The special value of Max’s life-expectancy complying income stream at 1 July 2017 was 3 x 97,000 = $291,000. Max’s total TBA at 1 July 2017 for both pensions was $831,000, meaning he has a remaining TBC of $769,000.
Maureen’s market-linked income stream was valued at 8 x $14,400 = $115,200, meaning she has a remaining TBC of $1,484,800.
There are no adequacy issues with Max’s complying income stream, however, the value of the assets supporting it is significantly higher than is likely to be needed to meet the pension payments up to the end of the term. When the income stream expires, any remaining assets will fall into an unallocated reserve in the fund. Additionally, Max and Maureen are finding it difficult to continue running their fund and want to wind up the SMSF.

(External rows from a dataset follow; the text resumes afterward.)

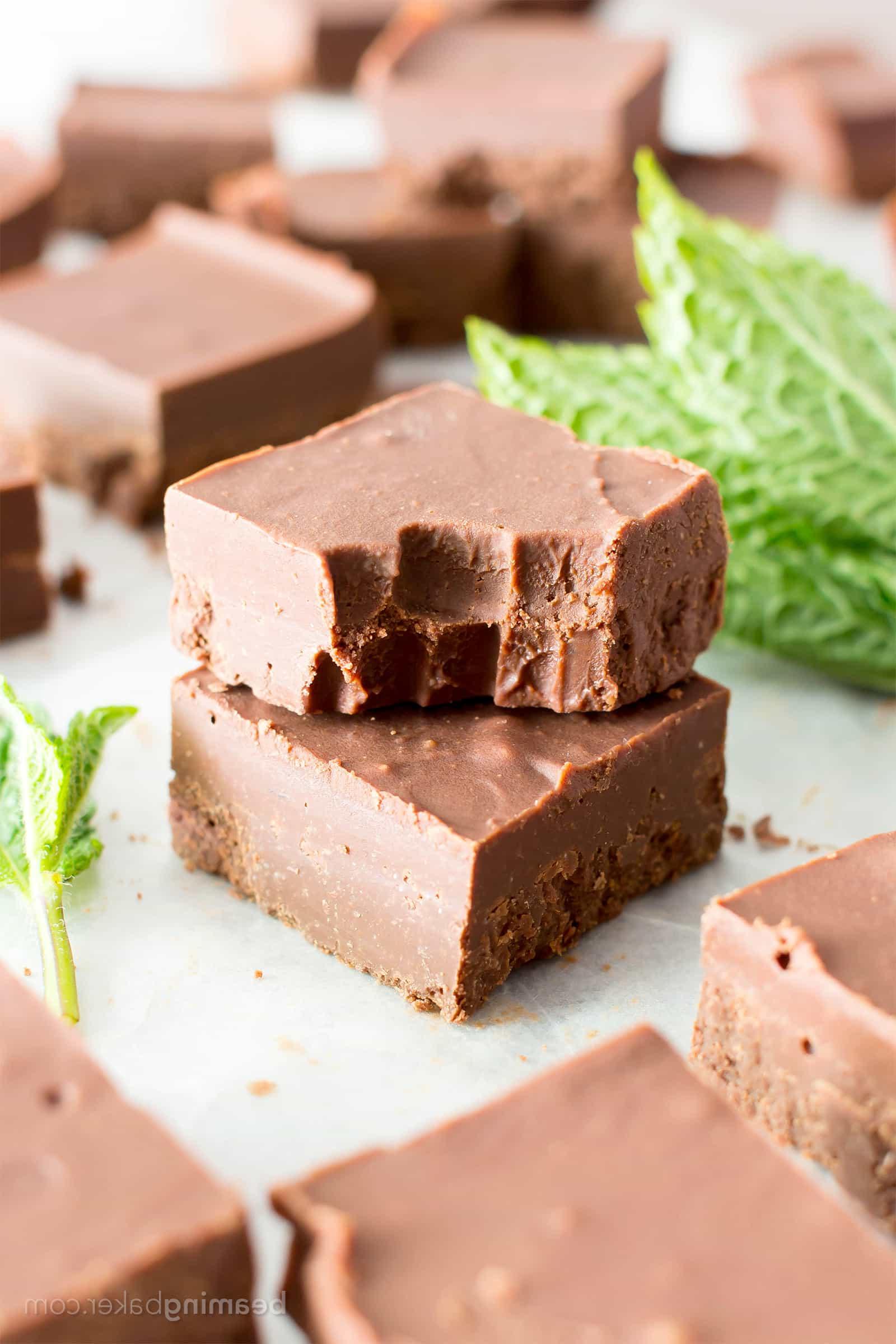 Blitzschneller Pfefferminz Fudge (Vegan, Glutenfrei): Ein 3-Zutaten-Rezept für cremige, dicke, köstliche Schokoladen-Fudge-Quadrate aus gesunden Zutaten! #Paleo #Vegan #GlutenFrei #MilchFrei #GesundeWeihnachtsdesserts | Rezept auf BeamingBaker.com
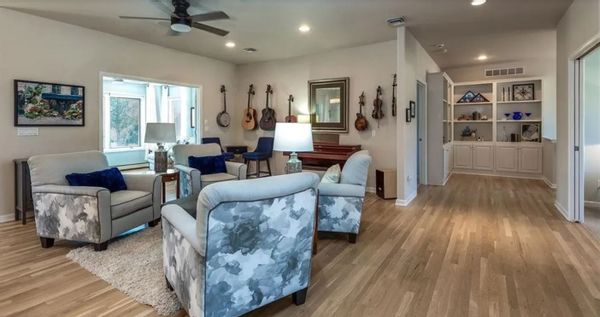 Larry's house is open warm safe quiet private very comfortable with stunning outdoor space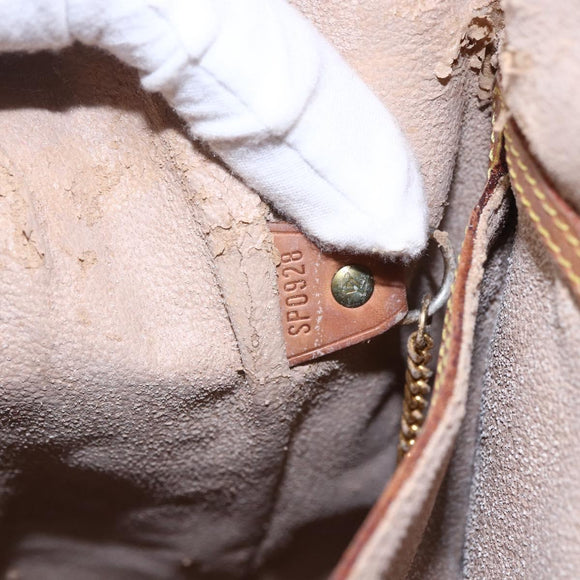 LOUIS VUITTON Monogram Bucket GM Shoulder Bag M42236 LV Auth 153401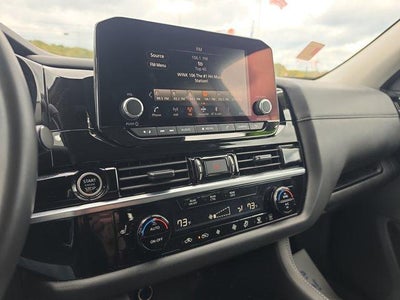 2024 Nissan Pathfinder SV 4WD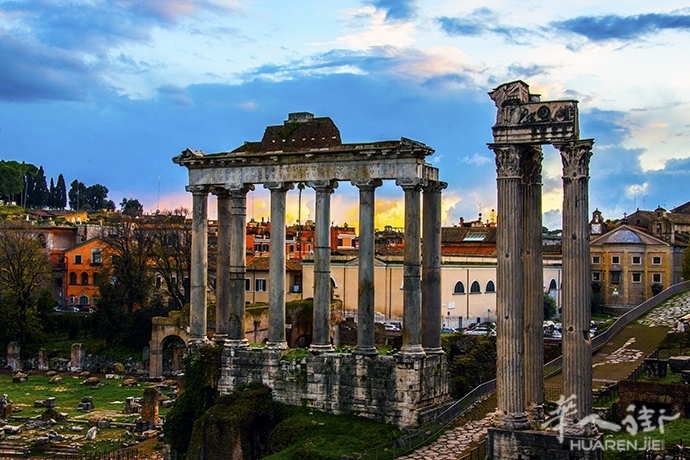 意大利 · 斑驳的古罗马萨图尔诺农神庙 - 意大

Maureen will commute her market-linked income stream, currently valued at around $205,000, to another market-linked income stream with a retail provider that can accept the 50 per cent ATE income stream. Although she will receive a $0 debit against her TBC, this will not impact on her ability to commence a new income stream at this time due to her low TBA. However, it will impact on her ability to receive future death benefits as an income stream.

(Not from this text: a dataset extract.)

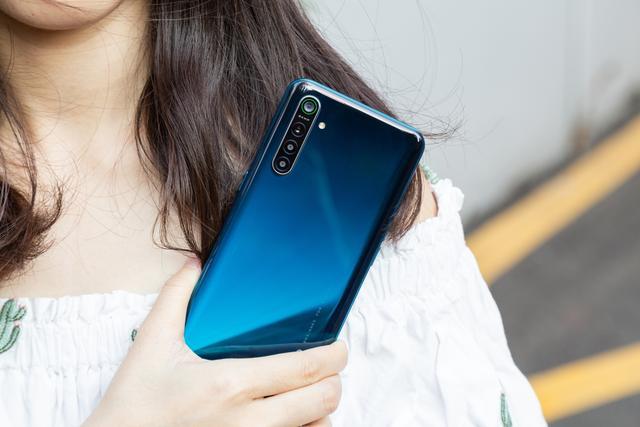 拍照快充OPPO K5面面俱到！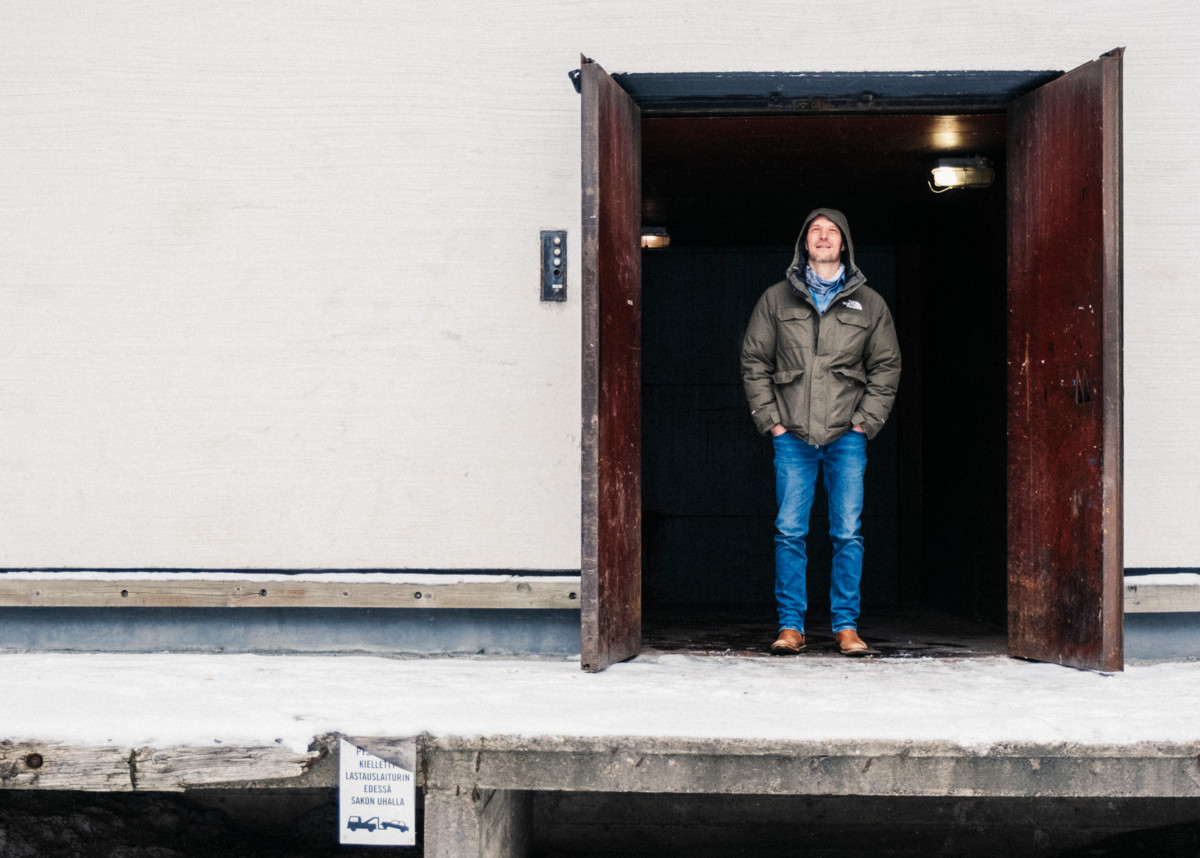 Aleksi Salmenperä vaikuttui asumispalveluyksikössä tehtävästä työstä. ”On hienoa huomata, että on vielä tällaista toimintaa, missä nähdään ihmisen arvo. Se oli merkittävä ja iloinen havainto, kun elämme nyt sellaisessa Suomessa ja maailmassa, missä suunta on ihan toinen.”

Maureen’s new market-linked income stream is established as non-reversionary so that upon her death it can be paid as a death benefit pension or lump sum to Max rather than continue as a reversionary market-linked income stream, which could potentially raise a TBC issue for Max, depending on his balances at the time.
Max’s account-based pension will be rolled over to a retail provider and the debit of the current value of the pension of around $510,000 applied against his TBA will be the same as the credit reapplied when the new account-based income stream is commenced. In order to retain the 100 per cent ATE on his income stream, Max wishes to purchase a retail complying annuity with the value of his commuted life-expectancy complying pension. The value of the assets supporting this income stream liability is currently around $950,000.
The commutation value of a life-expectancy pension is limited by the factors set out in schedule 1B of the Superannuation Industry (Supervision) Regulations. However, in this case the value of the assets supporting the income stream is less than the maximum commutation value, meaning the entire value can be commuted.
Unfortunately, under the ATO’s interpretation, there would be no debit against Max’s TBA when this happens. The new income stream is not a capped DB income stream and the credit applied to Max’s TBA is the purchase price of the income stream, not a special value. Rolling the life-expectancy income stream to a retail complying annuity provider would therefore result in an increase in his TBA of around $950,000, giving him an excess transfer balance of $181,000.
Max would not be able to commute his life-expectancy income stream without raising an excess transfer balance. If he does so, he would have to pay penalties on this excess for the remainder of the term of his annuity. He has the unenviable choice of either continuing to run his SMSF despite his desire to wind up the fund, and let the life-expectancy income stream expire, leading to a very large unallocated reserve in the SMSF, or roll over the income stream and pay penalties on the resulting excess transfer balance for the rest of his life.
We understand industry participants are working on submissions to Treasury. If you have clients affected by this, we recommend you discuss it with your professional body.
In the meantime, if you are considering making changes to a complying income stream, or have done so already, we recommend you talk to the ATO as it is aware of this issue.